Familiero. Licenciado en Comunicación, publicitario, docente, agnóstico, soñador. Fanático de Serrat, Federer, Benedetti y el buen cine.

Ilustración: Lucas Di Pascuale

 

Empecé de nuevo. Caminé hacia la izquierda, buscando los cajones del mueble de la cocina, donde solían estar los repasadores y algunas cosas raras que usaba para jugar. No los pude encontrar. Seguí derecho, tanteando la pared para reconocer con la mano algún reborde o alguna rugosidad en la pintura que me diera una pista sobre el lugar. Nada me era familiar.

Volví sobre mis pasos para atravesar otra puerta y retornar a la sala de juegos, pero aparecí en un espacio desconocido, sin juguetes. No me detuve, continué caminando en forma pausada. Ahora llegué a otra habitación que parecía un dormitorio. El nivel de mis ojos solo superaba el borde de la cama, que lucía armada y en perfecto orden. No reconocí el cobertor ni el edredón que estaba a la altura de las almohadas. Tropecé con una alfombra de color rojo que jamás había visto.

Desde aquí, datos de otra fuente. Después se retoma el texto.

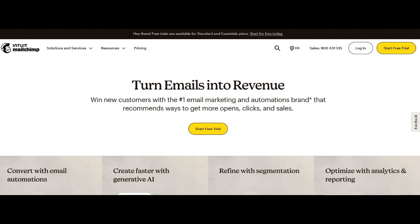MailChimp's analytics tools are a powerful asset, providing businesses with a wealth of data to analyze the performance of their email campaigns comprehensively. From tracking open rates and click-through rates to assessing subscriber engagement, the platform equips users with valuable insights.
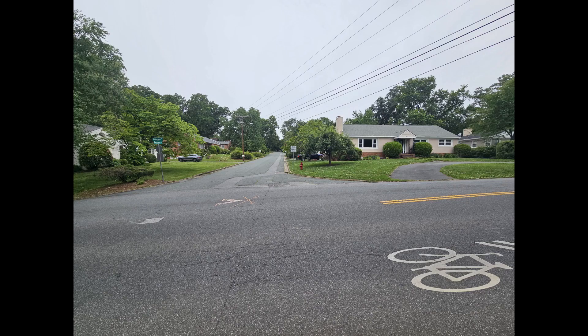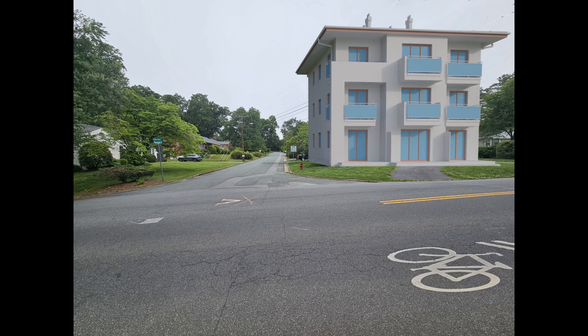Here's the corner of Alderman and Twyman. We're going to replace a single-family home on an R1 lot with an RC building.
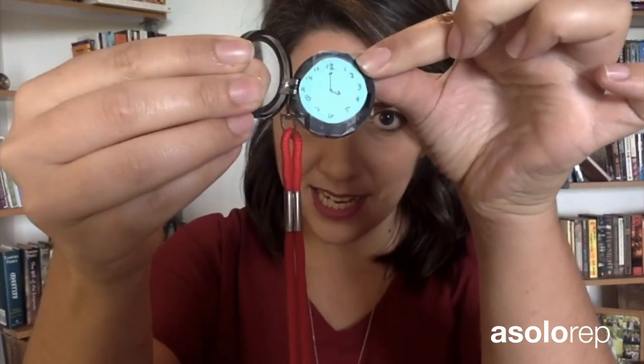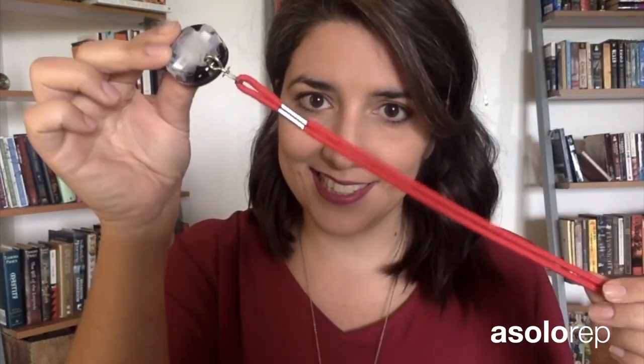I did one too. I made mine using a lanyard and some eye makeup. If we open this up you can see that I taped in a post-it note with a little clock drawn on it, and it's just all scotch tape together. So that's what I did — let's see what other folks did as well.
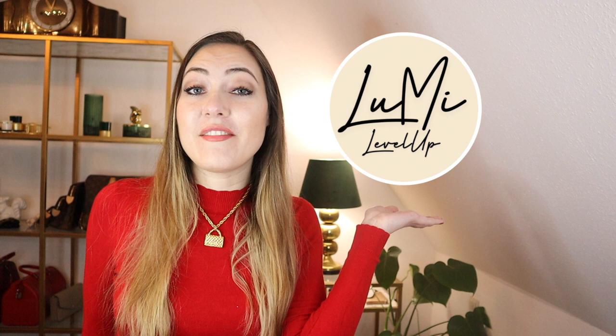There is something hardly anyone tells you about the Louis Vuitton key pouch, but you should really know. Hi and very welcome! My name is Marie, this is my channel Lumi Level Up, and I'm a luxury lover on an average income trying to be more mindful with my money.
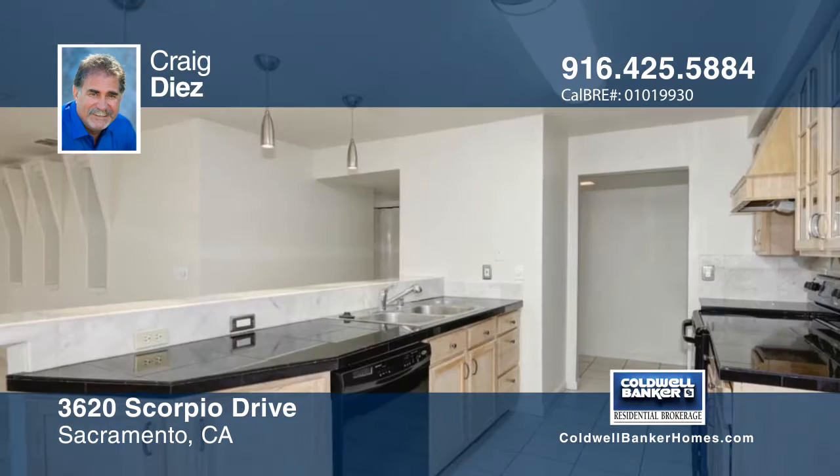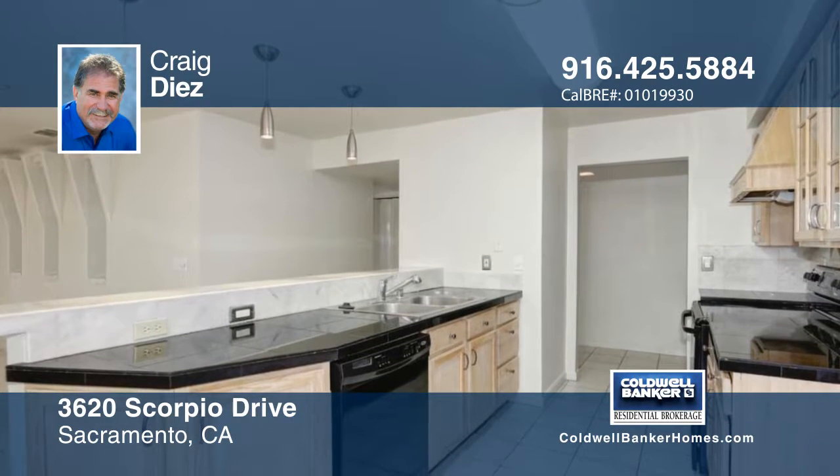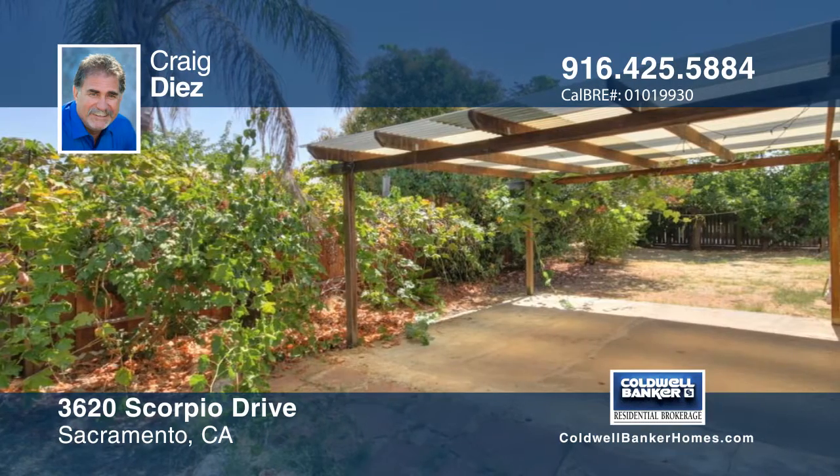From its welcoming entryway to its polished interior with high-end finishes throughout, this single-story, three-bedroom, two-bath home is ready for you.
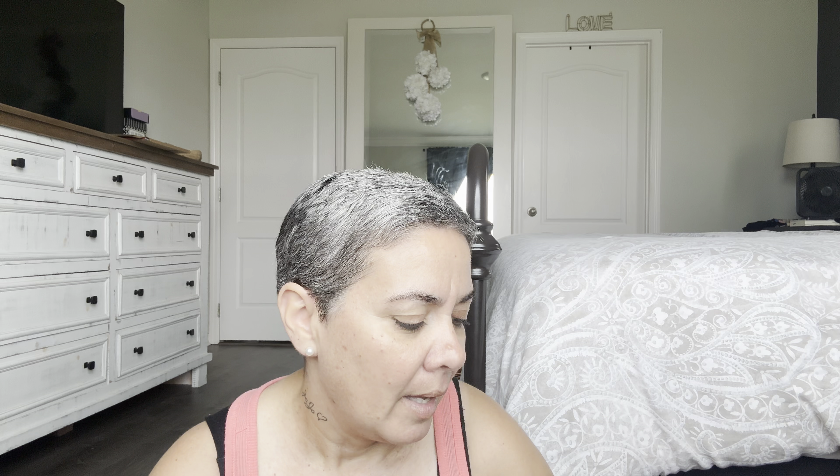Hello guys, welcome back to my channel — or welcome if you're new here. Today we're doing part two of my Christmas secondhand purchases for the month of July. After this we're going to go through my fall bins and start pre-fall decorating, bringing in darker, moodier colors — not pumpkins just yet, but getting us into that vibe and ready for fall. So let's just get right into it and I'll show you the rest of the items.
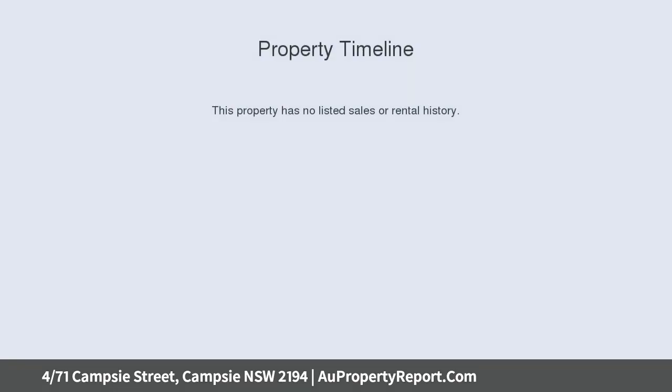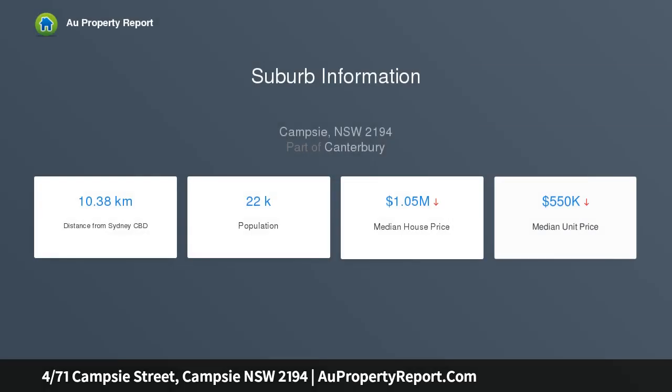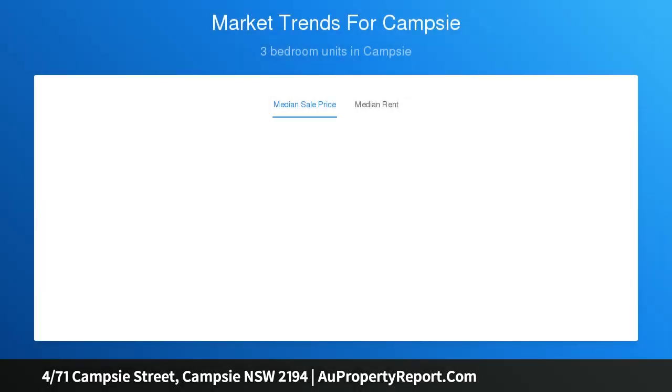Features: neat one bedroom unit with built-in robe and private balcony, spacious open plan living and dining area, modern kitchen with stainless appliances and ample storage space, period full bathroom with scope to upgrade, and a lock-up garage. Small double brick complex of 8, close to Campsie station, shopping strip and parks.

Traté de salir de la casa, rumbo al patio, desesperado, espiando alguna luz que me diese una señal de vida. En el trayecto choqué con un viejo mueble de roble, que mucho tiempo atrás debió ser un armario y ahora era un escombro en mi camino.

Mientras tanto, sentía cómo se aceleraba mi corazón. Corrí hacia otra puerta, pensando que era salida a la calle. Solo sumé una desilusión más, puesto que ingresé a un baño de azulejos celestes y cortinas plásticas con flores rosadas, imposibles de reconocer. Retrocedí nuevamente y en lugar de volver al dormitorio, ahora estaba en un living lleno de muebles antiguos.

A medida que avanzaba, la casa parecía crecer y sumar un espacio más. No podía encontrar mis juguetes y no quería llorar ni gritar. Era la hora de la siesta, y mis padres estaban dormidos. Pero no reconocía mi casa, no identificaba nada, el piso era distinto, el techo quedaba más lejos, las paredes no tenían cuadros. Las patas de las sillas eran diferentes. Me arrastré por debajo de la mesa, que solía ser mi escondite de enojado, y estaba oscuro, ese oscuro de tener miedo. Todo mi cuerpo se enredó con infinitas estalactitas de telarañas, gruesas y pegajosas. Huí de allí, pensando que si los dioses quieren destruir a alguien, primero lo vuelven loco.

Empecé a correr por un pasillo largo, tan largo que no se veía la luz del final. Escuché pasos detrás de mí que también corrían. Era alguien, pero no me animaba a mirar. Recordé la escena del nene en el triciclo en El resplandor. Los pasos más cerca, más cerca, más ceeerrrcaaa, hasta que sentí dos manos sobre mis hombros. “Me atrapó el viejo de la bolsa”, pensé. En ese momento escuché su voz, la de él, entre agitado y asustado: “¿Qué hacés en la casa del vecino, tontito…? Hace dos horas que estamos buscándote con tu madre…”.